Exclude documents from Search Index?

Greetings

Scrivener’s searches are accomplished via search.indexes in the project’s File folder. Could Scrivener give users a way to toggle documents for inclusion in this index, or set a top-level folder within which text indexing would be bypassed?

I have about 7800 documents in my project, lots of articles and so on. The overhead of cramming their text into a single xml file would be intolerable. Fortunately, Scrivener seems to know this, and indexes only a few hundred of my documents. But I can’t figure out how those documents are chosen. Is it based, perhaps, on how quickly I click “Abort” on the Project Backup popup when closing Scrivener? Or perhaps there’s an unstated maximum number of documents that Scrivener will index.

As most users don’t want gaps in their indexes, I’m concerned that one day Scrivener will be adjusted to make its indexing more vigilant. This would make for long delays and enormous overhead, for a capability I don’t need at all.

So I’d like a way to make the exclusions explicit. Best would be a checkbox to include or exclude documents from the text index. Also a project option to maintain a minimal search index file, with only titles, no text.

Just as we can exclude certain documents from the Compile, so also should we be able to exclude documents from the Index.

Thanks for considering – Jerome

Well first of all, you shouldn’t be in a situation where only ~100 items are indexed. That is certainly a problem in and of itself, and not something that should just be patched over with exclusion properties. Have you confirmed, at the XML level, that there are only around 100 top-level entries, or is this something you’re observing from the search feedback? I’m asking because the search index is used for more than just searching. The icon state for example is calculated using the search index. One would expect the Binder to be a bit “unstable” if there are index problems.
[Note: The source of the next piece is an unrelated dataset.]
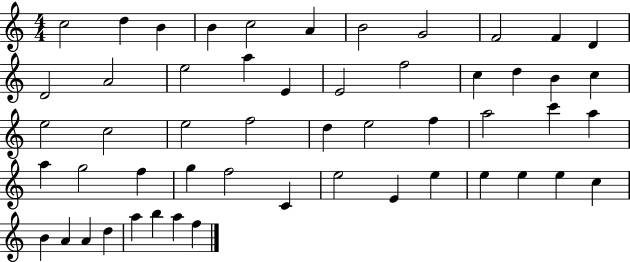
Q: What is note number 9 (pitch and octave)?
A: F4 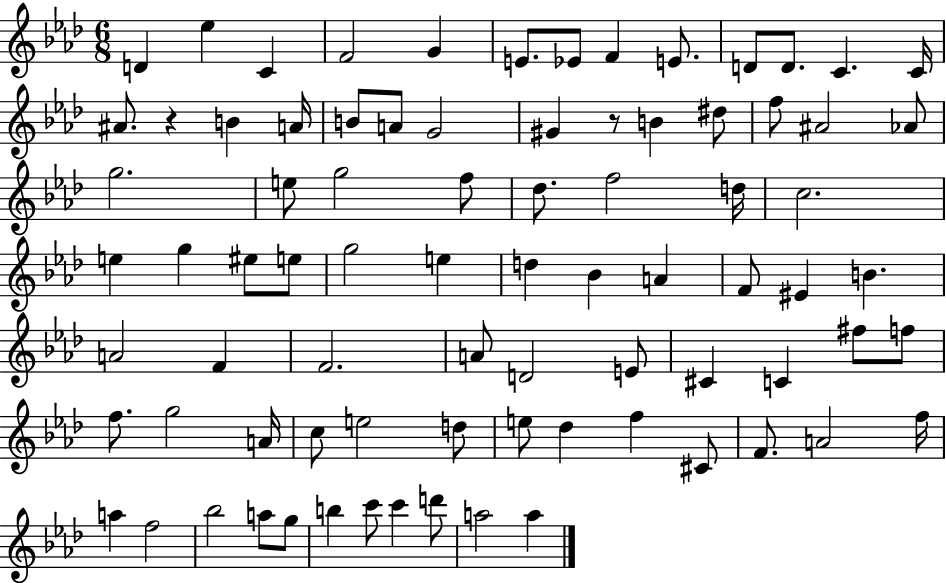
D4/q Eb5/q C4/q F4/h G4/q E4/e. Eb4/e F4/q E4/e. D4/e D4/e. C4/q. C4/s A#4/e. R/q B4/q A4/s B4/e A4/e G4/h G#4/q R/e B4/q D#5/e F5/e A#4/h Ab4/e G5/h. E5/e G5/h F5/e Db5/e. F5/h D5/s C5/h. E5/q G5/q EIS5/e E5/e G5/h E5/q D5/q Bb4/q A4/q F4/e EIS4/q B4/q. A4/h F4/q F4/h. A4/e D4/h E4/e C#4/q C4/q F#5/e F5/e F5/e. G5/h A4/s C5/e E5/h D5/e E5/e Db5/q F5/q C#4/e F4/e. A4/h F5/s A5/q F5/h Bb5/h A5/e G5/e B5/q C6/e C6/q D6/e A5/h A5/q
In my experience, problems with performance in large projects can occur, but it’s usually only at very extreme cases. It’s hard to say if you would qualify for that, since 7,800 files may only be 80mb, whereas another project may only have a few hundred items in it, but a raw 30gb of pure text, which would make for an intolerable amount of delay when loading and closing the search index. Fortunately that many gigabytes of research is quite rare. In most cases, plain-text being so dirt cheap in terms of bytes, this isn’t a problem even for huge projects like yours.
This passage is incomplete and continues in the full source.